┏━━

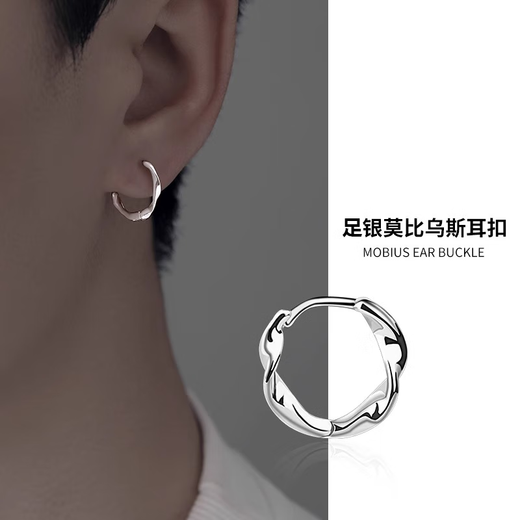 Liangshihuan S999 sterling silver earrings for men single pure silver ear piercing high-end Mobius earrings boys hoop earrings single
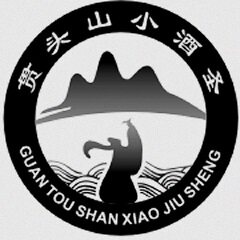 贯头山小酒圣
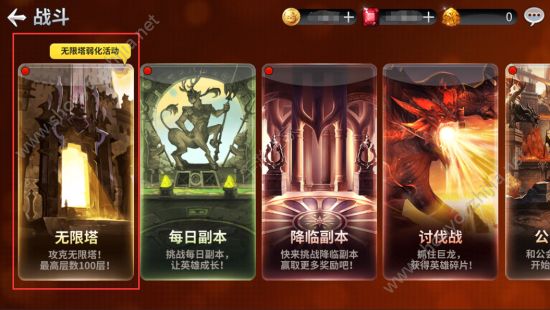 十二战纪11月1日新版本更新了什么？更新活动内容详情一览图片20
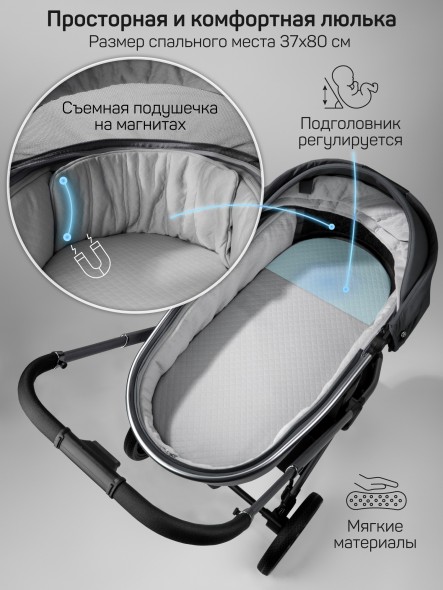 Коляска детская 2 в 1 Amarobaby Genius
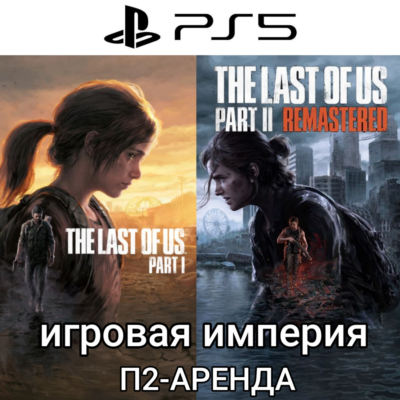 The Last of Us 1 & 2 Remastered PS5 П2 Аренда от 7 дней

┗━━

## PROBLEM
Omit every picture while transcribing the records above exactly.

## OUTPUT FOR THIS TASK
 Liangshihuan S999 sterling silver earrings for men single pure silver ear piercing high-end Mobius earrings boys hoop earrings single
 贯头山小酒圣
 十二战纪11月1日新版本更新了什么？更新活动内容详情一览图片20
 Коляска детская 2 в 1 Amarobaby Genius
 The Last of Us 1 & 2 Remastered PS5 П2 Аренда от 7 дней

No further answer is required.